**Available data**
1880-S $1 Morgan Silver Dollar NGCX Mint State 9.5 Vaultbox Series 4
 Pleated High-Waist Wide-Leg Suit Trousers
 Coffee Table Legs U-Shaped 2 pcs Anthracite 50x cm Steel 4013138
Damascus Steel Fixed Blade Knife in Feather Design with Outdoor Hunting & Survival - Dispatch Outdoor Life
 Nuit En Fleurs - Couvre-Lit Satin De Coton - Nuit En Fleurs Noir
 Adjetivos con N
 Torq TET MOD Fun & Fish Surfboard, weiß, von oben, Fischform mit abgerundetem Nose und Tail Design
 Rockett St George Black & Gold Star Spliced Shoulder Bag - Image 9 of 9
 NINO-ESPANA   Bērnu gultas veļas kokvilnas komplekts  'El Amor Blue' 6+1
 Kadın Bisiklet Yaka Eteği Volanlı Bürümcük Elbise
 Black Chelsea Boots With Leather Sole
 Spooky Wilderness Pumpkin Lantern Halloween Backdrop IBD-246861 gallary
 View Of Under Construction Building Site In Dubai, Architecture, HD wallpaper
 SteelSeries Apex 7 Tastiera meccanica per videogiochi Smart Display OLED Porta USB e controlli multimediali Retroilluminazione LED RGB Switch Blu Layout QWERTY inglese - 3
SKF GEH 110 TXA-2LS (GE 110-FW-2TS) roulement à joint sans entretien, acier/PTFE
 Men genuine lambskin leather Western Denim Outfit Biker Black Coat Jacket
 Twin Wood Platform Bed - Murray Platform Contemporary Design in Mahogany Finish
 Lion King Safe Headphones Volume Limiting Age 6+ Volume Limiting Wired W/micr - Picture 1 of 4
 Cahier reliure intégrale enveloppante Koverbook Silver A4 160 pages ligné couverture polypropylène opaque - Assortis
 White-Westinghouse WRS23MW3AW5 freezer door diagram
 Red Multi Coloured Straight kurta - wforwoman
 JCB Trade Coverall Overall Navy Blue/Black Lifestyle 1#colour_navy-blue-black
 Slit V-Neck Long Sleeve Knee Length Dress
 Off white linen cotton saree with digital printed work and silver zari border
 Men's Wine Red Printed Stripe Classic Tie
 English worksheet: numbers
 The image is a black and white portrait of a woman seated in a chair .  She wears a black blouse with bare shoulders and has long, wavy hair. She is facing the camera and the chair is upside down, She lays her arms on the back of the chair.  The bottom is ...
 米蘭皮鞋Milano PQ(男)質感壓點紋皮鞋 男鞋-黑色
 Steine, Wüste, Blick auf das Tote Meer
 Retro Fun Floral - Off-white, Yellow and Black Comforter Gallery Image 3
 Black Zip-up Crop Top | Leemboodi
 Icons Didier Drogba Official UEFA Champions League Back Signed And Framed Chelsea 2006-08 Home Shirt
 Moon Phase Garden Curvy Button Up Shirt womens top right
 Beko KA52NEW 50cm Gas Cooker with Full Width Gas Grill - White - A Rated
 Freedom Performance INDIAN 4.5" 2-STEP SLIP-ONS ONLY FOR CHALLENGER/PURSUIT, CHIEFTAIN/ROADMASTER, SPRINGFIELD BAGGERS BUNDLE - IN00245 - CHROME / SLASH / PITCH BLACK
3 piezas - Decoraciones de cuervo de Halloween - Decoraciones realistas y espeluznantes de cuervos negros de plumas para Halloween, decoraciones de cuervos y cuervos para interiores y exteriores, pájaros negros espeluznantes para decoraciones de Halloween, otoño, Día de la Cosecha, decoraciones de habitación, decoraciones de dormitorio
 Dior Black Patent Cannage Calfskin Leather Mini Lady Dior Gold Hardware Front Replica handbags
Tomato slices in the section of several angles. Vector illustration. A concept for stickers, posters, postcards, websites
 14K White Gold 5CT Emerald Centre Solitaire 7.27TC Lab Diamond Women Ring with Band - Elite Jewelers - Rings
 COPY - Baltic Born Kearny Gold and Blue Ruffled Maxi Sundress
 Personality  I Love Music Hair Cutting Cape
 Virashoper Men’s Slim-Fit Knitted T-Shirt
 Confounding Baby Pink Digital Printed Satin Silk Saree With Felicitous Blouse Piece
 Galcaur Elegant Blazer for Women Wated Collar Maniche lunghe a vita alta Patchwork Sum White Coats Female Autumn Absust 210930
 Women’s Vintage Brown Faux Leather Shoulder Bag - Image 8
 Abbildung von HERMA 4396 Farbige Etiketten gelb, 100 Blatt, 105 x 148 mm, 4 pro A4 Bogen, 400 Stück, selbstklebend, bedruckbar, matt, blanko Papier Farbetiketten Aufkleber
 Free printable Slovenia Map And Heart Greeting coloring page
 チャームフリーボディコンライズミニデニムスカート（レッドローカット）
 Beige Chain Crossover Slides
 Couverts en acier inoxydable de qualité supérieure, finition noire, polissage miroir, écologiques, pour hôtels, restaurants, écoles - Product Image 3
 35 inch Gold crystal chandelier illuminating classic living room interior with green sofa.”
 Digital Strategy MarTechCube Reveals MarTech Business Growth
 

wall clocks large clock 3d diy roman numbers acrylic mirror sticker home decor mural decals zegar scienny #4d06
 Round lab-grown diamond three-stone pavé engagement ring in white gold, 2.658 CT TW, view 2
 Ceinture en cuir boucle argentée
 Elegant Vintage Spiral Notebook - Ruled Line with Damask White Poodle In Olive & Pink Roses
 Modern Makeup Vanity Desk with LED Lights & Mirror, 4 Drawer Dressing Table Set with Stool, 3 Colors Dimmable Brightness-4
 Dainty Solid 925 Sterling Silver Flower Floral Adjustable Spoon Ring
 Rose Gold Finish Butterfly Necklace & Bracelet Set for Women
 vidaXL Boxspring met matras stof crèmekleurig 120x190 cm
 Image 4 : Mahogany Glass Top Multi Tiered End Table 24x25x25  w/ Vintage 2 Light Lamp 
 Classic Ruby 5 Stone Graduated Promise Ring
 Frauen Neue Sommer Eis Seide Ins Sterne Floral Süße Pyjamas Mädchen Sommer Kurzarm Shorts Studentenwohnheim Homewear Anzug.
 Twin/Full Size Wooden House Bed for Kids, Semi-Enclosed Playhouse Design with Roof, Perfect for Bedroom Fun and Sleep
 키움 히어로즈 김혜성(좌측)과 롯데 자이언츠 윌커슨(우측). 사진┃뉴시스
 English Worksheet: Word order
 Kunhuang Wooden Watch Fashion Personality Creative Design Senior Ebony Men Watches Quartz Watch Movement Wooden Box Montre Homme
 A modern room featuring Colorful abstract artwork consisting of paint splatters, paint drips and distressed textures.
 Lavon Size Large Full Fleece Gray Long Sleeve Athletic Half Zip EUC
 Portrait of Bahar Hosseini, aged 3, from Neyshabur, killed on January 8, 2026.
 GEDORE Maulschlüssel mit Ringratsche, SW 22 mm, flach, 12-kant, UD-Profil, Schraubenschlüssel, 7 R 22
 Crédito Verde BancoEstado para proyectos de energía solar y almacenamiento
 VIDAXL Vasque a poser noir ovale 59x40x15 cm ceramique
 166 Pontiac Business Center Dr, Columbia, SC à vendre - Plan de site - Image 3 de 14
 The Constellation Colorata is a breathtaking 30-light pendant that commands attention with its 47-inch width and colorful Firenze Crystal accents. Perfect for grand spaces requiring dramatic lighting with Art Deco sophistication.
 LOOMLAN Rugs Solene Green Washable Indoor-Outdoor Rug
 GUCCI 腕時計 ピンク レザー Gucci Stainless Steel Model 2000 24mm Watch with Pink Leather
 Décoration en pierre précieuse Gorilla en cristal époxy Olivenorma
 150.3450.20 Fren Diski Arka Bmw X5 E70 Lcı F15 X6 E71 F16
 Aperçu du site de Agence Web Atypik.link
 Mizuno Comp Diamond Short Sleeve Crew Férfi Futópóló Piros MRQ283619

**The task**
Note each line above that holds "inch", then copy all of them.

**Answer box**
 35 inch Gold crystal chandelier illuminating classic living room interior with green sofa.”
 The Constellation Colorata is a breathtaking 30-light pendant that commands attention with its 47-inch width and colorful Firenze Crystal accents. Perfect for grand spaces requiring dramatic lighting with Art Deco sophistication.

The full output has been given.